Grad-student Marc isn't hoping for a spectacular archaeological discovery to catapult his career right from the start. He just wants to graduate. His assignment on this dig site in the Talpiot district of Jerusalem, near the alleged Jesus ossuary tomb, hardly seems likely to produce anything of note, much less spectacular. An ancient garbage pit had been discovered the previous summer while the dig team excavated a twelfth-century well. Marc is now down in the well methodically uncovering unexceptional pottery sherds and animal bones left over from meals consumed twenty-six centuries ago. But then he finds a human skeleton. When the human bones turn out to be as old as the rubbish around them, the archaeologists wonder if the person, apparently dumped into the pit, was a murder victim. And then Marc finds clay tablets, right next to the skeleton, carbon-dated to the same time frame as the skeleton and the surrounding trash. The tablets turn out to be sort of a spectacular find, a portion of Torah written in ancient Hebrew Canaanite, seventh century BCE. Are they related at all to the skeleton, and the murder? Or is their location just coincidental? What are the tablets doing in a garbage pit? Bearing the tetragrammaton, they should have been placed in a genizah. Why were they discarded? In a garbage pit? Near a corpse? Of a murder victim?
A subplot set in ancient Jerusalem during the reign of King Josiah follows a slave manager as he completes tasks given him by Shaphan, the head scribe of the Temple, concerning a mysterious scroll that he must bury and an odd set of clay tablets that he, inexplicably, must discard in a garbage pit.
John Evan Garvey is an artisanal publisher who loves the whole process of researching and writing a book, typesetting it with unique touches, designing the covers, and creating promotional materials like video trailers, webpages and ads. It's an artistic process that blends visual arts with creative writing and social-media technology to create a something, a gestaltic virtual 'thing' that traditional publishing can't quite match because traditional publishers leave the artisan's soul out of the corporate process. Each book he creates is a canvas, a sculpture, he's painstakingly worked into its final form.
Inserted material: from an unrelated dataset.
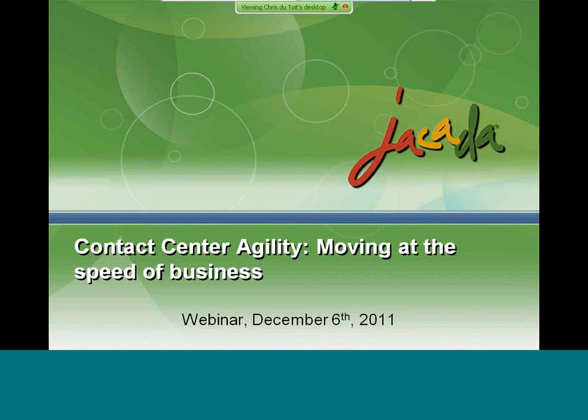Good day, everyone. I am Lee Judge, the Marketing Programs Manager at Jakarta. I'd like to welcome you to today's webinar, Contact Center Agility: Moving at the Speed of Business.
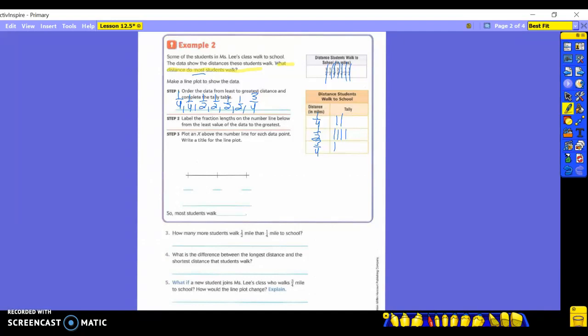Go back and count how many you had total: one, two, three, four, five, six, seven. Make sure you have seven data points and that your tallies add up to seven, because if something is wrong, all your answers will be wrong. Step two: label the fraction lengths on the number line from least to greatest. Put one-fourth first, then one-half — which is the same as two-fourths — then three-fourths last.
John, currently living in Burbank, California, is originally from southern New Jersey, a small town named Vineland after the Norse Vikings' name for North America, Vinland, and where the grape-juice company, Welch's, was founded in 1869. His upbringing was conservative evangelical, and his educational background reflects that. In his early 30s, he stepped outside of faith, creating a rift between himself and his family and friends, which is still in place. It's because of this dramatic change in world-view and the resultant separation from his extended family that John's writing so often probes the nature of faith and the unfamiliar realm of non-faith. He has a desire to share what he's learned and to continue learning about the mystifying realms of particle physics and the cosmos.